Data for review =
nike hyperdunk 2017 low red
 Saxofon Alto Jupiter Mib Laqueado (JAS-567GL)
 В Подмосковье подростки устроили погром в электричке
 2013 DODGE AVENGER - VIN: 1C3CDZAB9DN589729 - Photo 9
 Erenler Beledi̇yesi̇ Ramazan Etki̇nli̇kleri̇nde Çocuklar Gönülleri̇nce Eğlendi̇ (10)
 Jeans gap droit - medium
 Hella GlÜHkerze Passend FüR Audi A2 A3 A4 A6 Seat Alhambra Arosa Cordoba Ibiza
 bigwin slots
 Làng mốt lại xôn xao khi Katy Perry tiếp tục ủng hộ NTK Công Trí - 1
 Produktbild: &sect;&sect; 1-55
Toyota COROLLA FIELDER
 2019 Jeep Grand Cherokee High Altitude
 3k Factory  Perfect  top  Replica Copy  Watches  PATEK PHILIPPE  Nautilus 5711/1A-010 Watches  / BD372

Requirement =
Print exactly, and only, the lines from the line that contains "В Подмосковье подростки" through the last line of the records.

Written response =
 В Подмосковье подростки устроили погром в электричке
 2013 DODGE AVENGER - VIN: 1C3CDZAB9DN589729 - Photo 9
 Erenler Beledi̇yesi̇ Ramazan Etki̇nli̇kleri̇nde Çocuklar Gönülleri̇nce Eğlendi̇ (10)
 Jeans gap droit - medium
 Hella GlÜHkerze Passend FüR Audi A2 A3 A4 A6 Seat Alhambra Arosa Cordoba Ibiza
 bigwin slots
 Làng mốt lại xôn xao khi Katy Perry tiếp tục ủng hộ NTK Công Trí - 1
 Produktbild: &sect;&sect; 1-55
Toyota COROLLA FIELDER
 2019 Jeep Grand Cherokee High Altitude
 3k Factory  Perfect  top  Replica Copy  Watches  PATEK PHILIPPE  Nautilus 5711/1A-010 Watches  / BD372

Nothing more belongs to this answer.